My parents say that they thought they had all the paperwork done so that we could leave Romania the next day, but then discovered at the Lufthansa office that the planned flight back to Minnesota would involve stops in Germany and England.  Germany would not present any problems, but England would require a British visa for me, so my dad had to go to the British Embassy and try to get one.  This was very difficult to do on such short notice, but he somehow managed.  The next day, my parents said goodbye to Lucie, and the driver drove the three of us to the Bucharest airport.  We flew to Frankfurt, Germany that night.  My parents say that when I saw the bright lights and signs at the Frankfurt airport, I was transfixed.  My orphanage existence was so dark and dull, and now I was seeing a whole new world.  It has just begun. We spent the night at an airport hotel in Frankfurt, and flew the next morning to London (where no one ever looked at my British visa), and then to Minneapolis.  I’m told that I slept only during the last 20 minutes of the long flight. 
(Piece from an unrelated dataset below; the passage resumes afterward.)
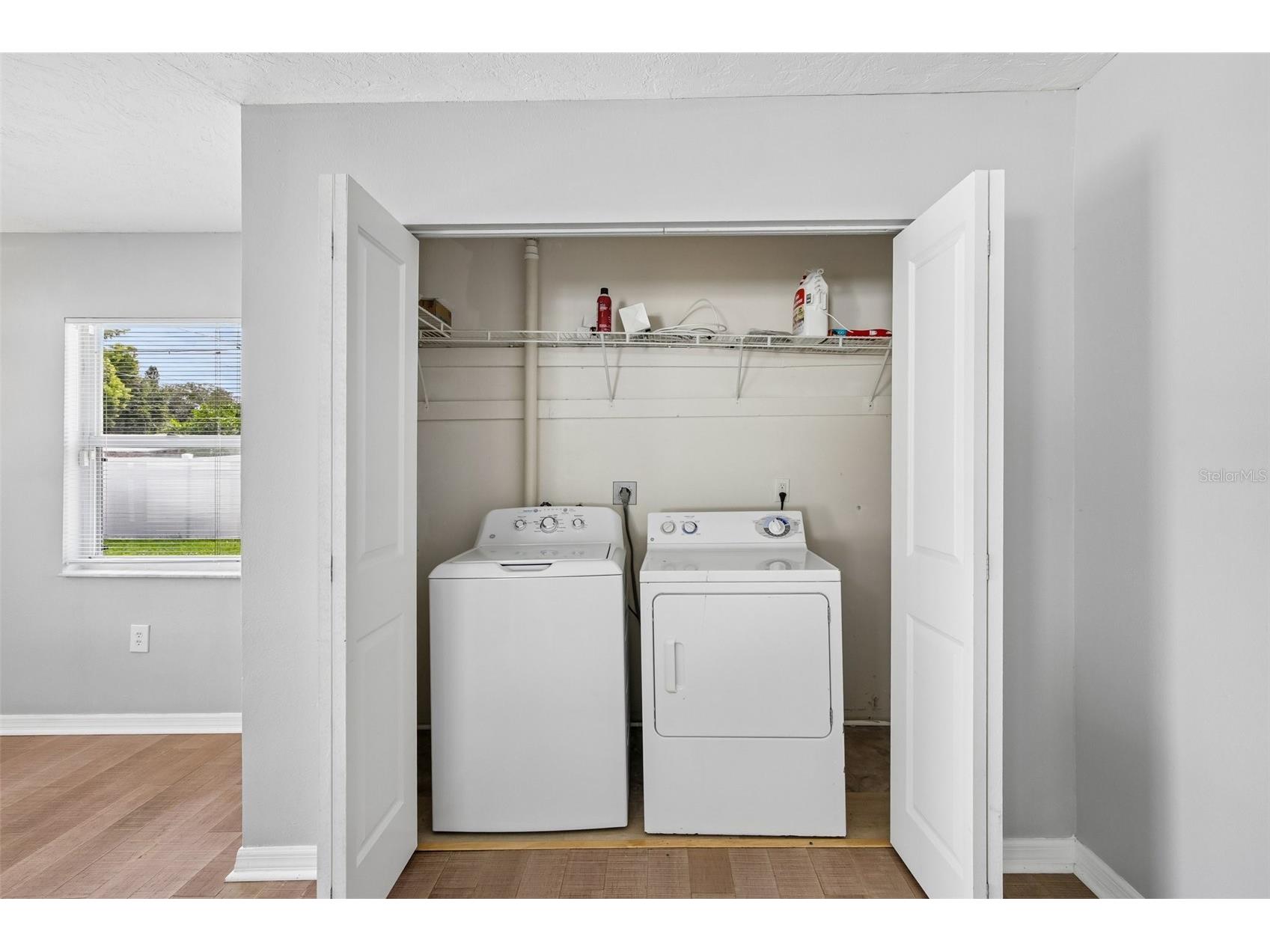 2214 23rd Avenue W Bradenton FL 34205 A4697349 image22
Many family members and friends of my parents, as well as quite a few strangers welcomed me to my new home, but only after some more immigration paper work at the airport.  My parents joke that it took 20 pounds of paper to adopt 11 pounds of baby from Romania.  We arrived at my new home and my new life on November 3, 1990. 
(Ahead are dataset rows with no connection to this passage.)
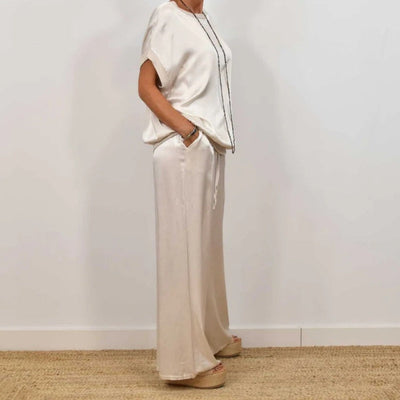 Veronika | Zweiteiliges Set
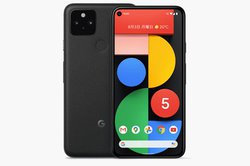 GoogleA5GX}[gtHuPixel 5vBō74,800~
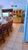 Casa, 5 quartos, 421 m² - Foto 5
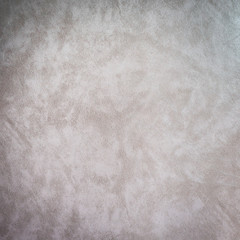 leather design of furniture background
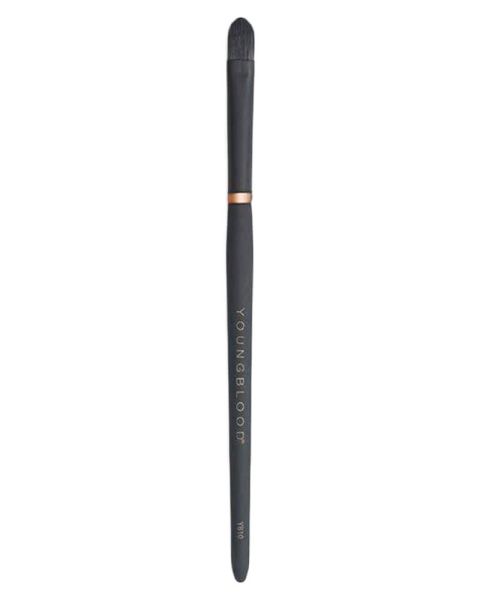 Youngblood YB10 Precision Concealer Brush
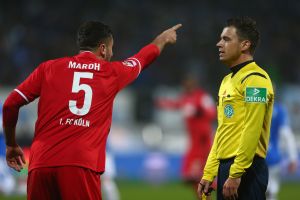 עצבים נרשמו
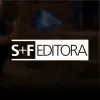 Ícone da E S F TALAVERA EDITORA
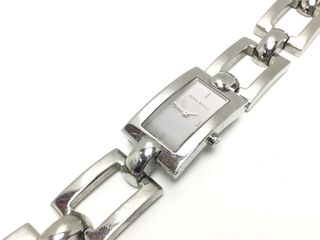 reloj pulsera señora nina ricci n002.12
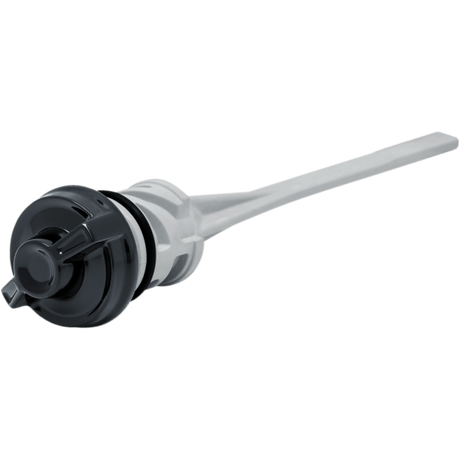 KURYAKYN PRECISION™ DIPSTICK F/18 - 19 S/TAILS, PN 6463 - DRIVEN Canada's Powersports 191209036553483245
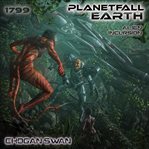 1799 planetfall earth: alien incursion cover image cdn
A few months later, after my parents completed yet another adoption process in the Minnesota courts to make my adoption final in Minnesota, I was still not a U.S. citizen.  I had to be “sworn in” as a United States citizen in a small office in a warehouse building in Bloomington near the airport.  I have a picture of me at about 15 months old waving an American flag in this little office having absolutely no idea what I was doing or why. That was the day I became a U.S. citizen.
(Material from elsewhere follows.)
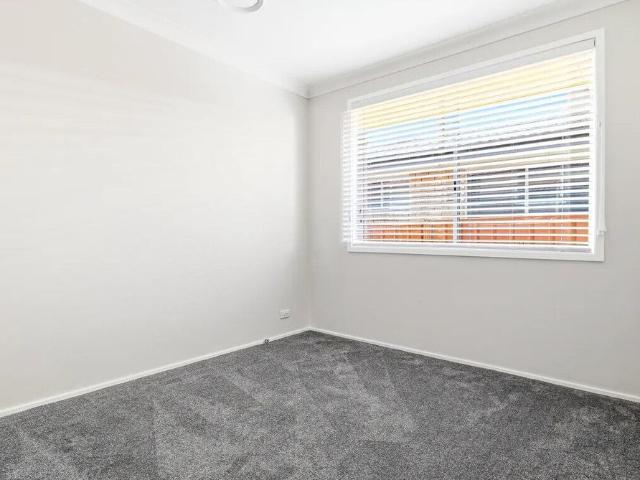 Room for rent in Sydney, New South Wales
My parents tell me that while most people were very supportive of their decision to adopt a Romanian baby, a few suggested that they should have adopted an "American" child instead, showing that prejudice against immigrants can extend even to those of us who were adopted by U.S. citizens when we were tiny babies.  But what, exactly, is that "American child" that my parents supposedly should have adopted instead of me?  Except for the Native Americans, everyone who is here has an immigration story in their family somewhere along the line.   I am glad that my parents didn't listen to the "made in America" argument and instead went to Romania to find me.   I don't understand the position of those who oppose immigration to this country.  I suppose it may be, as Newman suggests, fueled by competition over scarce resouces, fear of outsiders, or even racism (Newman, p. 436).   But if people stopped to think about it, they would have to see that the United States is a land of immigrants.  Although the decision to leave Romania and come to the United States wasn't mine, I am proud and happy to join the long line of immigrants to this country.